How do we pray in crisis? We need to allow ourselves to be caught up in the grip of eternal hope, the ultimate hope of triumph given to us (v. 24, 25). There is a hope that exceeds anything we will ever see this side of glory. The question is then, when you come into crises, will you live in that hope, or will you look out at a hopeless world and let it dominate you?

Finally, when hope seems unfulfilled to our perspective, there’s only one way to “eagerly wait with perseverance” (v. 26-27).

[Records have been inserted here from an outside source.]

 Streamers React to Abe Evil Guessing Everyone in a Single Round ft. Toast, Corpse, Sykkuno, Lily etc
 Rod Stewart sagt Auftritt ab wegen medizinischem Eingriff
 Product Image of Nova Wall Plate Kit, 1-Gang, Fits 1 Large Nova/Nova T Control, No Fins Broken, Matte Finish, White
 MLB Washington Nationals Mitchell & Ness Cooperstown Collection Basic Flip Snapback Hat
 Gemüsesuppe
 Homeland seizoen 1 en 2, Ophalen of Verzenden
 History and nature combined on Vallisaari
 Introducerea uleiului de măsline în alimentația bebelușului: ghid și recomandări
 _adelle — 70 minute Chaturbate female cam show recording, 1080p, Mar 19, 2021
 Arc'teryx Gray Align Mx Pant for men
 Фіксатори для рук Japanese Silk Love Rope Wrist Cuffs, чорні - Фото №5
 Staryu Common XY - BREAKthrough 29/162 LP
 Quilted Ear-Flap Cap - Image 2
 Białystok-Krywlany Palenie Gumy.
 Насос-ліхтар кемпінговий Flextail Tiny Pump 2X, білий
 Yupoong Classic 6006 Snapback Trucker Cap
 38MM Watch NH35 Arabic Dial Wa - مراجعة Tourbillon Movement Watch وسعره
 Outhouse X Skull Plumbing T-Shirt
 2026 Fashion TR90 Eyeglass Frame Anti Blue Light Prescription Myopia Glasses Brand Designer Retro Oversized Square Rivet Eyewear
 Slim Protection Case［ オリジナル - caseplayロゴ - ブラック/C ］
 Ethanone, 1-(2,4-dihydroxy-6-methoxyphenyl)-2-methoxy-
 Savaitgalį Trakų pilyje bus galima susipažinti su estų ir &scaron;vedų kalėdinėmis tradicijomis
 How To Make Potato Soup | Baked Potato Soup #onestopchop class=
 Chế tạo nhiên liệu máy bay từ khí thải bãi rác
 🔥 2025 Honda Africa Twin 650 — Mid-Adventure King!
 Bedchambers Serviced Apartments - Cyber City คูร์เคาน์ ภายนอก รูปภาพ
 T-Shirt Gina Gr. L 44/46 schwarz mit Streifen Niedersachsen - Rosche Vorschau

When hope seems unfulfilled, to our perspective, there is only one way to “eagerly wait with perseverance” (v. 25): Invoke the Spirit’s help in Spirit-assisted prayer. We can only do this if we admit, “I don’t know,” and make the double-surrender to God’s love (by His Spirit) and His will (by His Word).

In a crisis, we come to the place of prayer with the Holy Spirit’s assistance, groaning, calling out to the Lord, “Spirit of God, help me.” Then as He comes to help, we often don’t know the words He’s giving us to pray. Verse 26 says that He who searches the hearts knows what is the mind of the Spirit, and He makes intercession for us. And as He does that, then we know all things will work together for good.

Your guarantee of standing in faith in a crisis and in its aftermath is an unqualified invitation of God’s will into the situation. The reason we can withstand a crisis isn’t because of knowing how to perfectly pray; it’s because of having the presence within ourselves of the living Spirit of God. The unqualified invitation of His will and way guarantees your ability to stand in faith, knowing the answer you have is His. Such prayer releases God’s maximum redemptive purposes, and such living releases an ever deepening conformity to the Person and power of Jesus in our life.

Among those things that, by the Holy Spirit, will make us more like Jesus (v. 29) is learning how to pray through the crises of life. Pray for every miracle and healing—you will receive many! And when you don’t, that doesn’t mean your faith is lacking or that God has changed His mind or His nature. It means there are things we don’t know, and He calls us to say, “There is a glory and hope given to me, and I embrace it!”